### [MATERIAL SHOWN]

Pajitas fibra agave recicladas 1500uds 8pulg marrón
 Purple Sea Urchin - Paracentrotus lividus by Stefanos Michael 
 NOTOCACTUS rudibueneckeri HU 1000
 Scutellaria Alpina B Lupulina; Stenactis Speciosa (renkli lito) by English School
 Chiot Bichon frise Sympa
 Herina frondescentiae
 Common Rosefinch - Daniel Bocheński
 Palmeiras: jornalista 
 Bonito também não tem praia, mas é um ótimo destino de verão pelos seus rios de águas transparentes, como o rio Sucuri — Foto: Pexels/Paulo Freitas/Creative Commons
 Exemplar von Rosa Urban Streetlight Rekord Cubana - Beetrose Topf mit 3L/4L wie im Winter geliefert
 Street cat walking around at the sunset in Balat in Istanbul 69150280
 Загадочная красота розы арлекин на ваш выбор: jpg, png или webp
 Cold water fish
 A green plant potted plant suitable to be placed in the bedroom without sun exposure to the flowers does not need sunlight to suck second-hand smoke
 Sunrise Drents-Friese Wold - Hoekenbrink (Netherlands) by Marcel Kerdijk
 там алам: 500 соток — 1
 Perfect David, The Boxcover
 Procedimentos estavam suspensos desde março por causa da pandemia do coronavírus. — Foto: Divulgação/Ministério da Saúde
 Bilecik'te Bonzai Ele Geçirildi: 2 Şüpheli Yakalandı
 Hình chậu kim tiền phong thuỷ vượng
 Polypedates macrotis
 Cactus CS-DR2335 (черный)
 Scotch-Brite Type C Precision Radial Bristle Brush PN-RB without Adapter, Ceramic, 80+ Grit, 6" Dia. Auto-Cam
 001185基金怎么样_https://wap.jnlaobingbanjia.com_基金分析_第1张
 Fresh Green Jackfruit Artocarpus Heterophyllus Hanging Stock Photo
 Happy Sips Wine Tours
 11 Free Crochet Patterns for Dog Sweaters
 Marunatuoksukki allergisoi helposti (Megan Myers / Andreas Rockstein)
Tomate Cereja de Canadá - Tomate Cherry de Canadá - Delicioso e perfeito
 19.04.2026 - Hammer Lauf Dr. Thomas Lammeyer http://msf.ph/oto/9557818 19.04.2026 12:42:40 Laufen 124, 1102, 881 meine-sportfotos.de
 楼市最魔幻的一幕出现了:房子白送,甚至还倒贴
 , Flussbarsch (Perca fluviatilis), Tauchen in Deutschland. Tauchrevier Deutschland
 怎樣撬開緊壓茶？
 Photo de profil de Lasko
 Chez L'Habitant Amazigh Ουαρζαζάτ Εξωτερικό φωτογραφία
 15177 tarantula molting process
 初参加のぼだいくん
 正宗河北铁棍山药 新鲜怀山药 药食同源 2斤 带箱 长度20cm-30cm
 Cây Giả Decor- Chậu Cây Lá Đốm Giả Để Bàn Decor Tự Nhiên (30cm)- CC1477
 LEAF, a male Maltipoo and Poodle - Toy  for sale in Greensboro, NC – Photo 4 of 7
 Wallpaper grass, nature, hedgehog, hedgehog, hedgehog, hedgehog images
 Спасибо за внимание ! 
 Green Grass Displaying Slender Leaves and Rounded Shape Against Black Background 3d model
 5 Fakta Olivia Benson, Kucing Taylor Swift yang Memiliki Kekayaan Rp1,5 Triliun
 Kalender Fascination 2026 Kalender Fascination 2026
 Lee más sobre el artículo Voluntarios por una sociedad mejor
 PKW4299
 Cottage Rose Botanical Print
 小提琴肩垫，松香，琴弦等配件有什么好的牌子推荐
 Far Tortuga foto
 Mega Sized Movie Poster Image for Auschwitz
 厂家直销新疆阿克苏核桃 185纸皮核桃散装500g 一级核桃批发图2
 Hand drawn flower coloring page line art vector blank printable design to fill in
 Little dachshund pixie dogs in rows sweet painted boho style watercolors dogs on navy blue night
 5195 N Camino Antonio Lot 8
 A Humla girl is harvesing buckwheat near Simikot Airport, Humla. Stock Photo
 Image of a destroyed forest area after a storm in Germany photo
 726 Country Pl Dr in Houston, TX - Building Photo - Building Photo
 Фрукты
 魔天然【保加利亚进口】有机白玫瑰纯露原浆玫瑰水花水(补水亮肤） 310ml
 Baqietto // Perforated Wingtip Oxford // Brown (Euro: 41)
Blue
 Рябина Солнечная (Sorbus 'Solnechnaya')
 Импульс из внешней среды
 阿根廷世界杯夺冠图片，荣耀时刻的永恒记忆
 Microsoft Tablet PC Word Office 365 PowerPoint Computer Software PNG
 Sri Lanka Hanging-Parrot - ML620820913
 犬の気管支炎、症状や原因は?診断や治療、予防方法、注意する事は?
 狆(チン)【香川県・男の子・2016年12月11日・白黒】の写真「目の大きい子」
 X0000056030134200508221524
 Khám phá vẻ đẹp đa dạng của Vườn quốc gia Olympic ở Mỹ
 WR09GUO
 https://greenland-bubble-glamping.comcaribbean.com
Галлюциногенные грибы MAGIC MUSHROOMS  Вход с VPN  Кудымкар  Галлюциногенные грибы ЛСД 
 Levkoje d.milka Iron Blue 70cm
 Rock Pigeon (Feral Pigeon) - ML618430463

### [TASK OBJECTIVE]
Across the listing, how many lines contain "Stock"? State the number and nothing else.

### [SOLUTION FOR THIS TASK]
2